**SUPPLIED MATERIAL**
>>>

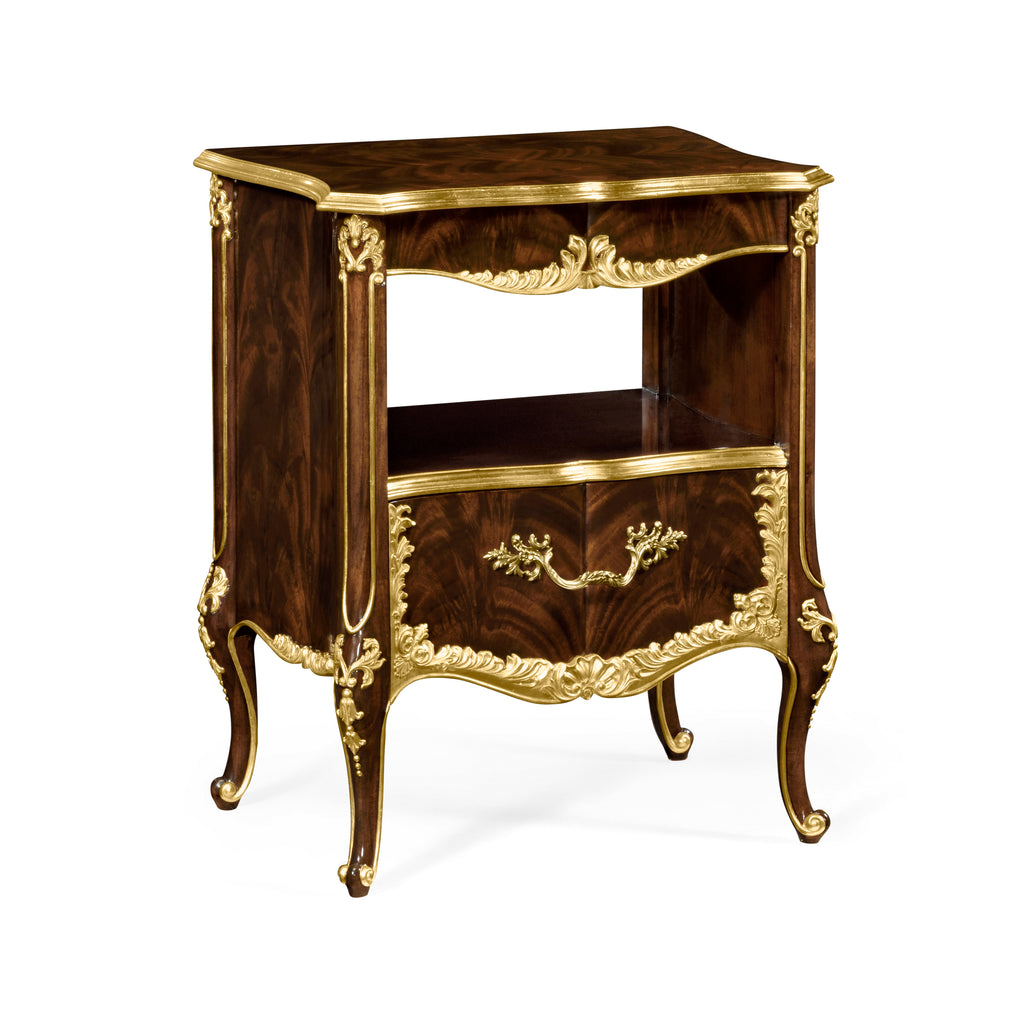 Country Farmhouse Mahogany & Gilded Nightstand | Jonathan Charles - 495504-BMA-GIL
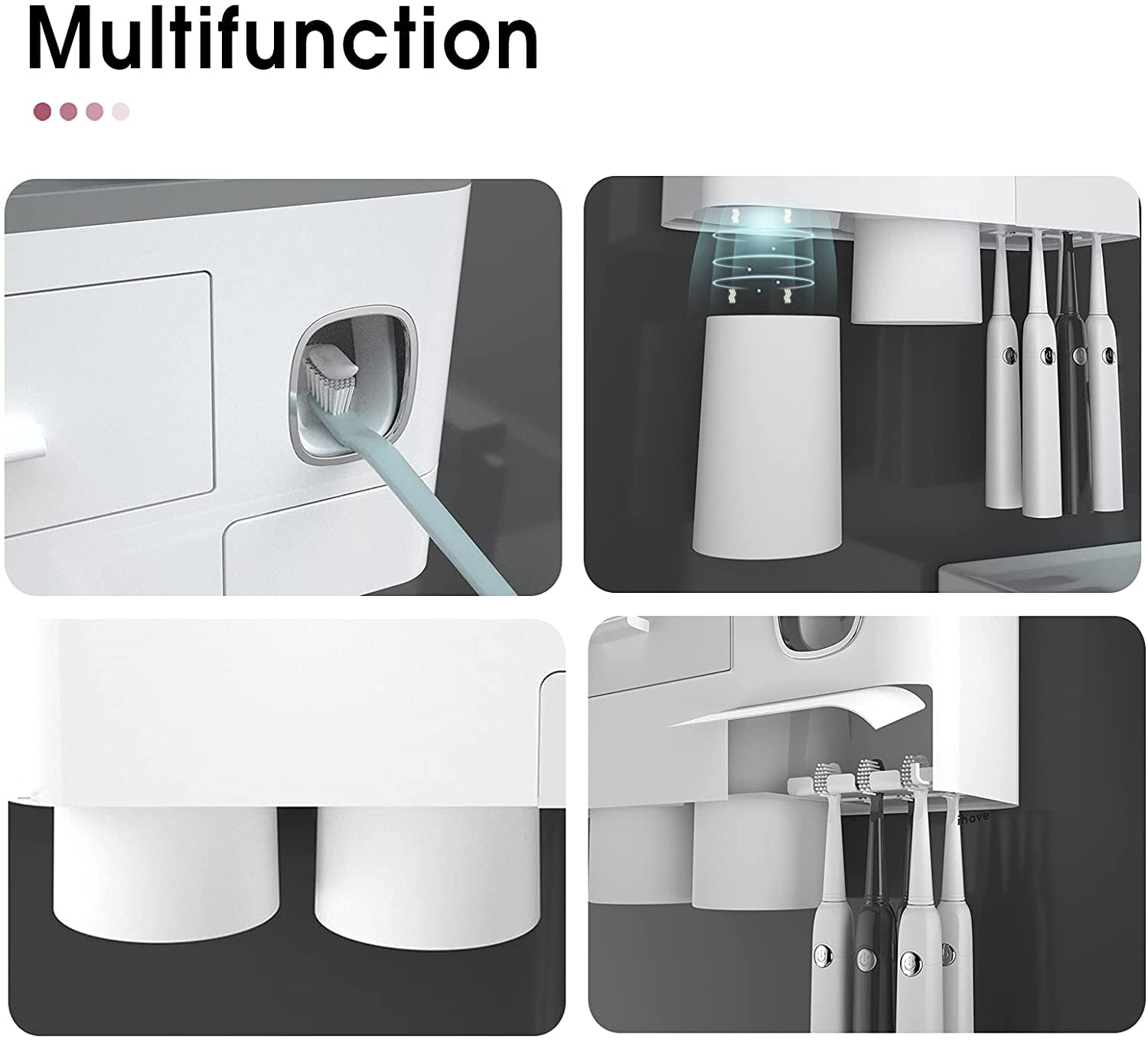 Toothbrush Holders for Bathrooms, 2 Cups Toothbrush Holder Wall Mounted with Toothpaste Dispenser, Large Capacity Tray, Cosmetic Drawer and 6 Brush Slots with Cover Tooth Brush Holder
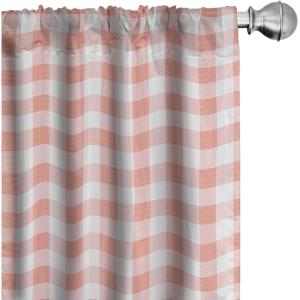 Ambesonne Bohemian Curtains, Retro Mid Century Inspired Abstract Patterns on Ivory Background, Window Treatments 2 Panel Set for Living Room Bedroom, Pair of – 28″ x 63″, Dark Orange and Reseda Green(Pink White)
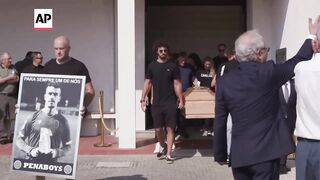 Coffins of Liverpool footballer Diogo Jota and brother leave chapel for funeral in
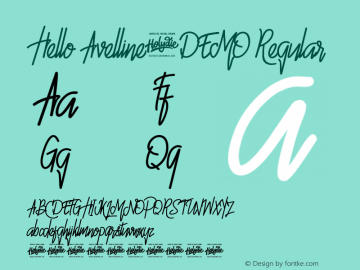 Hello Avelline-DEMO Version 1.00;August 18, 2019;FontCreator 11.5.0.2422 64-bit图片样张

<<<

**WORK INSTRUCTIONS**
Could you output the entire listing verbatim while omitting its pictures?

**SOLUTION**
 Country Farmhouse Mahogany & Gilded Nightstand | Jonathan Charles - 495504-BMA-GIL
 Toothbrush Holders for Bathrooms, 2 Cups Toothbrush Holder Wall Mounted with Toothpaste Dispenser, Large Capacity Tray, Cosmetic Drawer and 6 Brush Slots with Cover Tooth Brush Holder
 Ambesonne Bohemian Curtains, Retro Mid Century Inspired Abstract Patterns on Ivory Background, Window Treatments 2 Panel Set for Living Room Bedroom, Pair of – 28″ x 63″, Dark Orange and Reseda Green(Pink White)
 Coffins of Liverpool footballer Diogo Jota and brother leave chapel for funeral in
 Hello Avelline-DEMO Version 1.00;August 18, 2019;FontCreator 11.5.0.2422 64-bit图片样张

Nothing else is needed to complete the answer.